Por Fernando Pascual |

El ser humano encierra miles de misterios. Tras su nacimiento, cada hombre, cada mujer, inician un camino que puede llevarlos hacia el bien o el mal, hacia la grandeza o el egoísmo, hacia la justicia o la corrupción, hacia la sana alegría o el alcoholismo corrosivo.

¿Qué tiene la naturaleza humana que nos hace tan abiertos? ¿Qué hay dentro de nosotros que podemos cambiar, hacia el bien o hacia el mal, incluso después de años y años con una conducta más o menos cristalizada?

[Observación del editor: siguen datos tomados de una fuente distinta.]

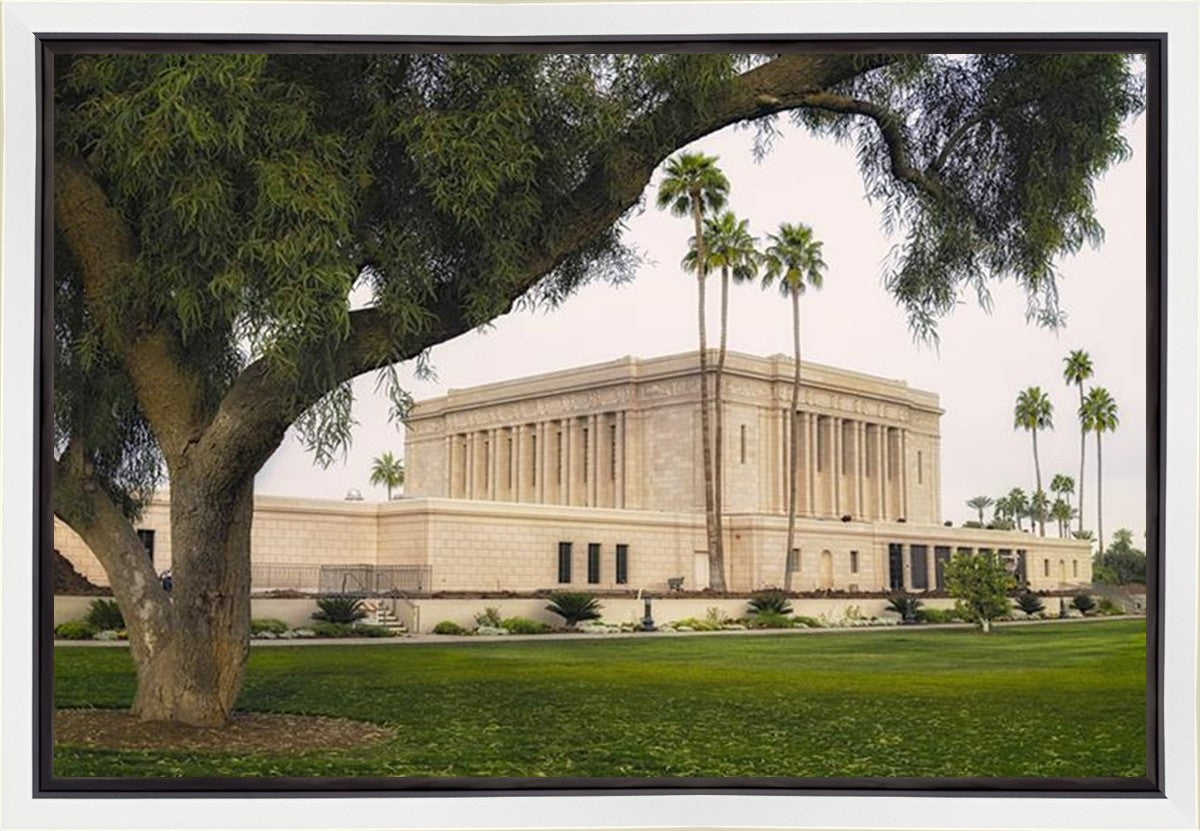 Mesa Temple 09 Gallery Wrap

Algunas escuelas de pensamiento han supuesto o suponen que somos esclavos de las estrellas, o que nos controlan dioses misteriosos, o que dependemos de la genética, o que somos productos de la cultura que nos rodea, o que simplemente actuamos desde lo que ocurre en nuestras neuronas.

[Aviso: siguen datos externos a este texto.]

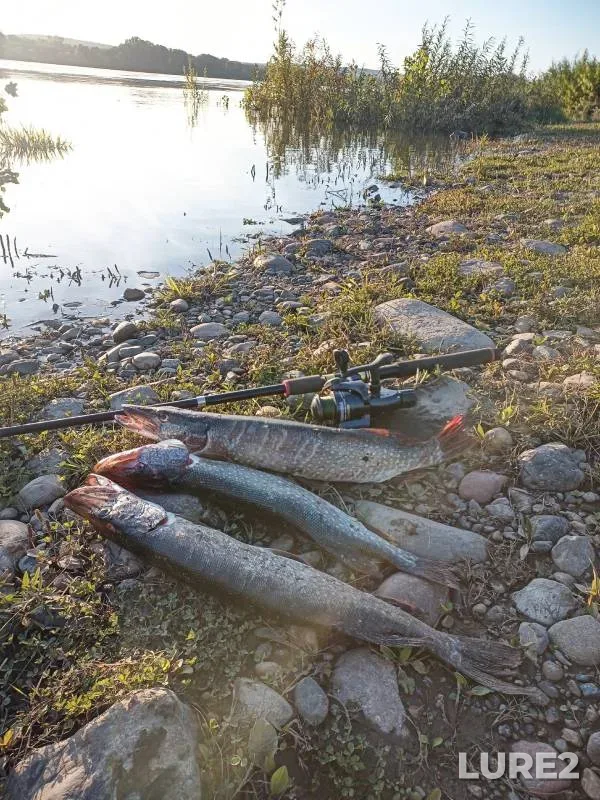 Pike — Tom, Sep 11, 2024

La realidad rompe este tipo de esquemas reduccionistas. Por eso hoy, como ayer, millones de padres de familia, de educadores, de amigos, de conocidos, buscan ayudar a otros para que puedan abrir horizontes, descubrir la belleza del bien y dejarse iluminar por la fuerza de la verdad.

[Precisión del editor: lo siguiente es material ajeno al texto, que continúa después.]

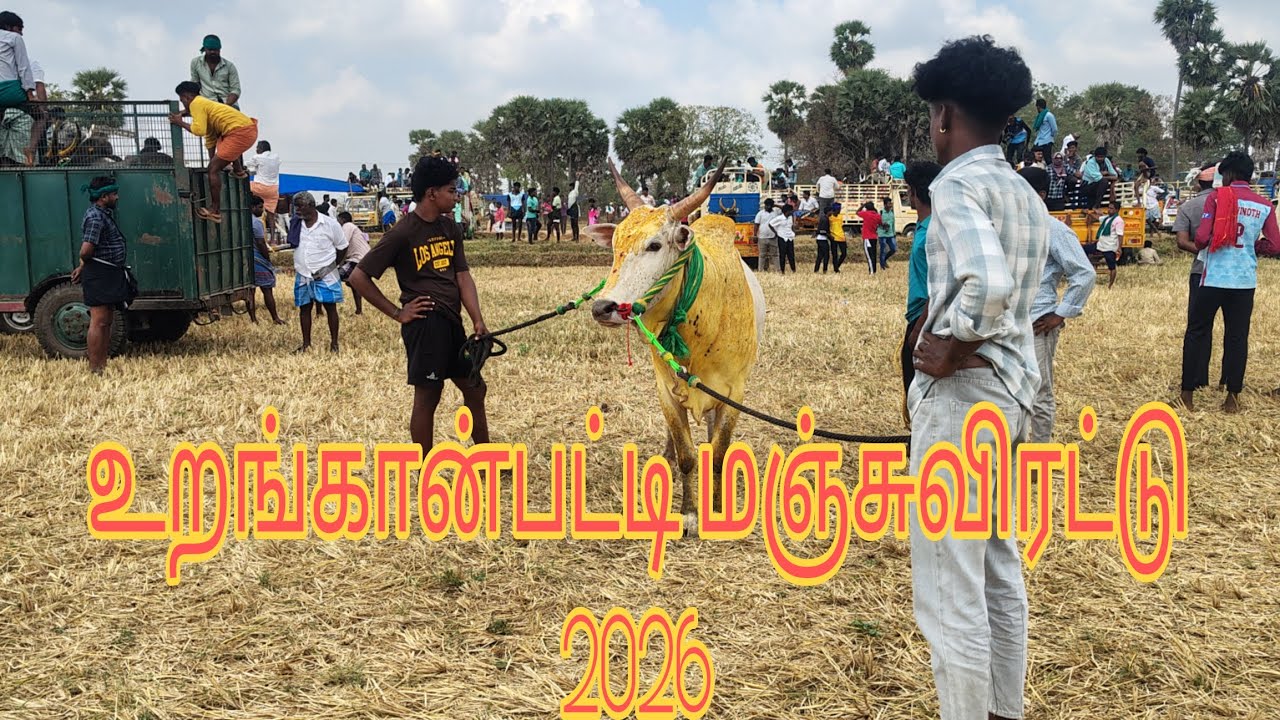 உறங்கான்பட்டி மஞ்சுவிரட்டு 2026 | FREEMONEY #Manjuvirattu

Tantas acciones educativas, a todos los niveles, suponen simplemente un núcleo profundo en la naturaleza humana que nos abre al cambio. Cambios que, esperamos, pueden ayudar a muchos a dejar una vida de vicios para empezar a servir a sus familiares y a otros miembros de la sociedad. Sin olvidar que también hay cambios, por desgracia, que llevan a quien hasta ahora ha vivido como un ciudadano honesto a sucumbir al adulterio, al robo, a la droga, a la calumnia, al odio, a la soberbia.

En cada ser humano hay algo íntimo y misterioso que lo abre a mil posibilidades. Con ayuda y con esfuerzo, con un compromiso sincero por acoger la verdad, venga de donde venga, será posible que ese núcleo interior, que podemos llamar espíritu, se abra a tantos horizontes buenos.

Sólo así cada corazón podrá orientar sus pasos hacia el bien, hacia la belleza, hacia el amor a Dios y a los hermanos.